Что же уже явно лишнее, да?


Иными словами, теснота — это некая условность, когда мы просто ощущаем, что что-то лишнее. Именно поэтому очень хорош совет сокращать произведение — теснота, как часть целостности, очень любит убирание прогалов.


Увалов устал учитывать.


Но, как мы помним, именно в прогалах происходит вся магия произведения.


Динамизация. И теперь мы плавно пошли к очень интересному моменту. Произведение динамично. Нам мало просто изобрести некую структуру, некий приём. Нам нужно его повторить. Помните, как писал Шкловский? Основной приём в искусстве — это повтор. Но повтор не может существовать вне времени. Нам интересно, что будет дальше. Именно этот момент мы как бы считываем в произведении. И именно он связан с теснотой. Слишком тесное нам уже мало. Слишком тесное мы принимаем уже за прозу.


Собрание жильцов сегодня в 18:00.


Это объявление. Однако если мы расскажем несколько историй, то это уже выйдет за рамки объявления.


«Ради бога, Боря, я тебя умоляю — не пей! Что про меня подумают люди?»


Будучи человеком робкого десятка, Увалов отпросился с работы пораньше — ведь улики уликами, а Семёнову из третьего подъезда он видит не так уж и часто, а в прошлый раз она так вообще посмеялась над его анекдотом.
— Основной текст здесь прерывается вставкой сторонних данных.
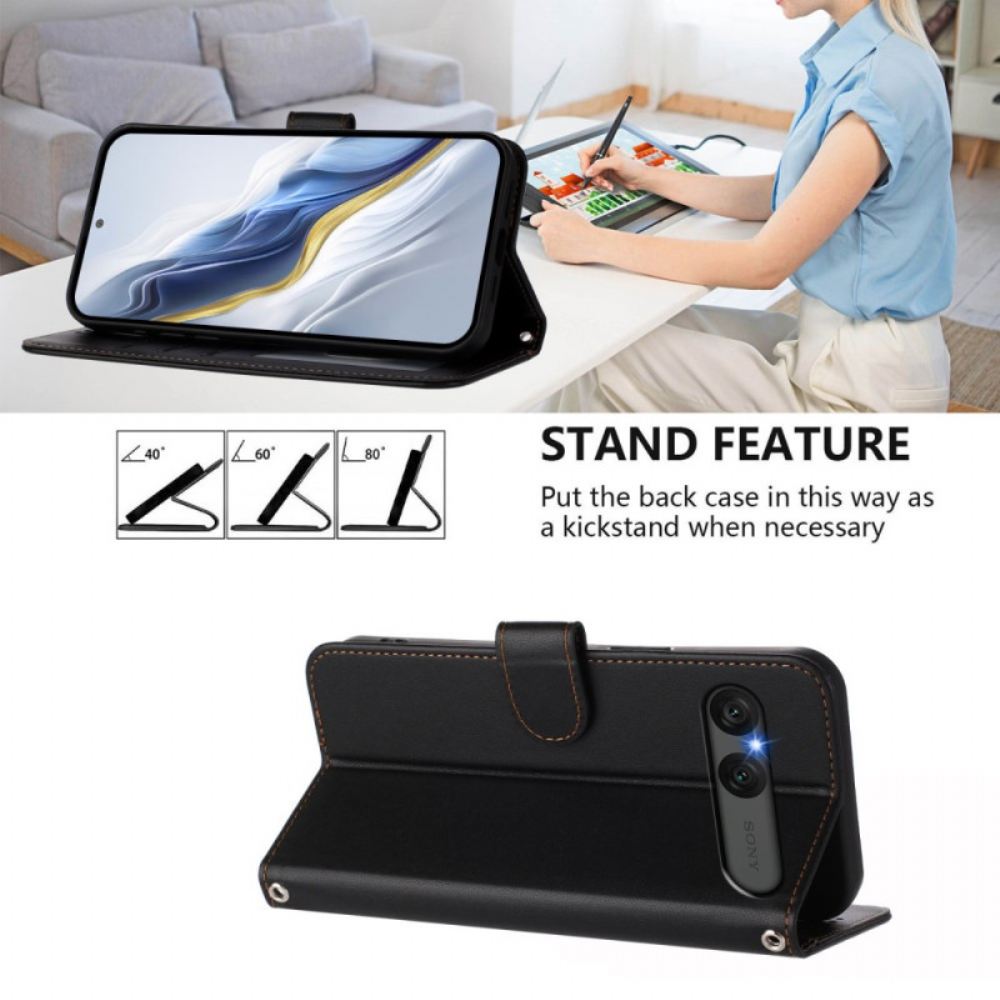 Kožený Kryt Sony Xperia 10 Vii Jednoduchá Umělá Kůže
И вот нам уже интересно: будет ли Борис пить и пригласит ли Увалов Семёнову на свиданье.


Ну а сложение двух принципов — динамизации и единства — даёт нам, наконец-то, последний принцип.


Сукцессивность. Или, как говорилось ранее, симультанность. Это свойство, когда мы воспринимаем произведение как произведение. Иными словами, именно благодаря этому свойству мы можем понять, что перед нами рассказ, а не анекдот. Каким образом? Через определённое сочетание тесноты и динамизации, организованное по некому принципу единства.
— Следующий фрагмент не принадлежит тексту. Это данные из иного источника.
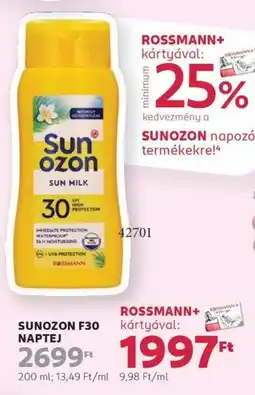 Rossmann Sunozon f30 naptej ajánlat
Фуф, мы закончили. Или нет? Мы же так и не ответили на изначальный вопрос. И вот тут нас встречает нечто очень интересное: нам не нужна динамизация. Как же так — ведь на ней всё и строится?
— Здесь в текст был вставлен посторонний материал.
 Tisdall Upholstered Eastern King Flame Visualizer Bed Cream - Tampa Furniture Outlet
Всё дело в том, что наша речь линейна, как говорил де Соссюр. Именно поэтому мы обречены на неё. Нельзя одновременно смотреть за страданиями Бориса и муками Увалова. Сначала надо выбрать что-то одно. Или нет?


Мы можем нарисовать картину, где будет в разрезе дом. И в одной квартире мы можем изобразить Бориса, который тайно поглядывает на заначку водки. А в другой — прихорашивающегося перед зеркалом Увалова.


Что мы только что сделали? Перепрыгнули от одного языка к другому. Картина статична. Памятник Ленину статичен. Это нечто такое, что образует совсем другую форму единства — за счёт совсем иной формы передачи. Это уже даже не разница между слоном и мышью — это пропасть между слоном и акулой.


И именно поэтому я предложил термин целостность. Слон — это явно не акула. И это явно не золотистый стафилококк. Однако мы как бы объединяем это в одну группу. Сукцессивность, получается, вообще первична, а не следует из остальных свойств.


А да, простите — это важно. Борис Увалов, разумеется, нажрался. Вся его трагедия заключалась в том, что он сначала пригласил Семёнову на свиданье, которое прошло бесподобно. Окрылёный успехом, он уже даже купил кольцо и хотел сделать Семёновой предложение. Но чёртов день учёта улик. Прошлый участковый был слишком невнимателен — не то, что Борис. Все улики указывали на то, что Семёнова — это Белая Гадюка, криминальный авторитет, промышляющий наркотиками и крышеванием проституции. И именно на суде он и познакомился с Верой Зайцевой — тогда молодым прокурором, а ныне его женой-гадюкой.